REST APIs
GDELT provides several REST APIs for searching and analyzing global news.
DOC 2.0 API - Article Search
Search for news articles:
from py_gdelt.filters import DocFilter
async with GDELTClient() as client:
doc_filter = DocFilter(
query="climate change",
timespan="24h",
max_results=100,
sort_by="relevance",
)
articles = await client.doc.query(doc_filter)
for article in articles:
print(f"{article.title}")
print(f" {article.url}")
Timeline Analysis
timeline = await client.doc.timeline(
query="artificial intelligence",
timespan="7d",
)
for point in timeline.points:
print(f"{point.date}: {point.count} articles")
GEO 2.0 API - Geographic Search
Find geographic locations mentioned in news:
async with GDELTClient() as client:
result = await client.geo.search(
"earthquake",
timespan="7d",
max_points=50,
)
for point in result.points:
print(f"{point.name}: {point.count} articles")
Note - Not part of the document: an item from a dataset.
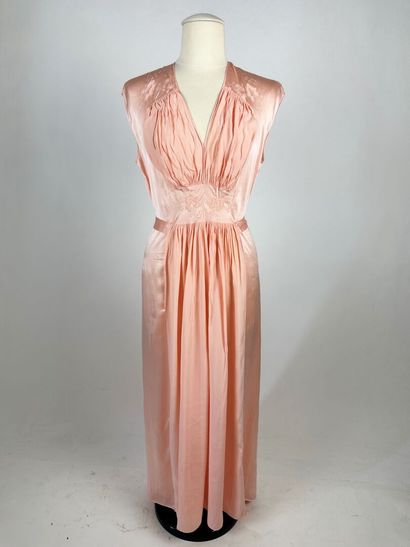 Trois robes longues, déshabillés pour le...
print(f" ({point.lat}, {point.lon})")
Bounding Box Filtering
# Europe bounding box
europe_bbox = (35.0, -10.0, 70.0, 40.0)
result = await client.geo.search(
"protests",
timespan="7d",
bounding_box=europe_bbox,
)
GeoJSON Output
geojson = await client.geo.to_geojson(
"climate protest",
timespan="30d",
)
# Use with folium, leaflet, etc.
Context 2.0 API - Contextual Analysis
Analyze themes, entities, and sentiment:
async with GDELTClient() as client:
result = await client.context.analyze(
"technology",
timespan="7d",
)
print(f"Articles: {result.article_count}")
# Top themes
for theme in result.themes[:10]:
print(f" {theme.theme}: {theme.count}")
# Top entities
for entity in result.entities[:10]:
print(f" {entity.name} ({entity.entity_type}): {entity.count}")
# Sentiment
if result.tone:
print(f"Average tone: {result.tone.average_tone}")
Entity Filtering
# Get people mentioned
people = await client.context.get_entities(
"election",
entity_type="PERSON",
limit=20,
)
# Get organizations
orgs = await client.context.get_entities(
"economy",
entity_type="ORG",
limit=20,
)
TV API - Television News
Search TV transcripts:
async with GDELTClient() as client:
clips = await client.tv.search(
"healthcare",
timespan="24h",
station="CNN",
max_results=20,
)
for clip in clips:
print(f"{clip.station} - {clip.show_name}")
print(f" {clip.snippet}")
TV Timeline
Station Comparison
chart = await client.tv.station_chart(
"immigration",
timespan="7d",
)
for station in chart.stations:
print(f"{station.station}: {station.count} ({station.percentage}%)")
TVAI API - AI-Enhanced TV Search
Use AI for better TV transcript search:
clips = await client.tv_ai.search(
"impact of artificial intelligence on employment",
timespan="7d",
max_results=10,
)
Timespan Options
All REST APIs support these timespans:
- "15min" - Last 15 minutes
- "30min" - Last 30 minutes
- "1h" - Last hour
- "6h" - Last 6 hours
- "24h" - Last 24 hours
- "7d" - Last 7 days
- "30d" - Last 30 days
Rate Limiting
GDELT APIs may rate limit. Handle gracefully:
from py_gdelt.exceptions import APIError
try:
result = await client.doc.query(doc_filter)
except APIError as e:
if "rate limit" in str(e).lower():
# Wait and retry
await asyncio.sleep(60)
Best Practices
- Use appropriate timespans (shorter = faster)
- Limit result counts to what you need
- Handle empty results gracefully
- Respect rate limits
- Cache results when appropriate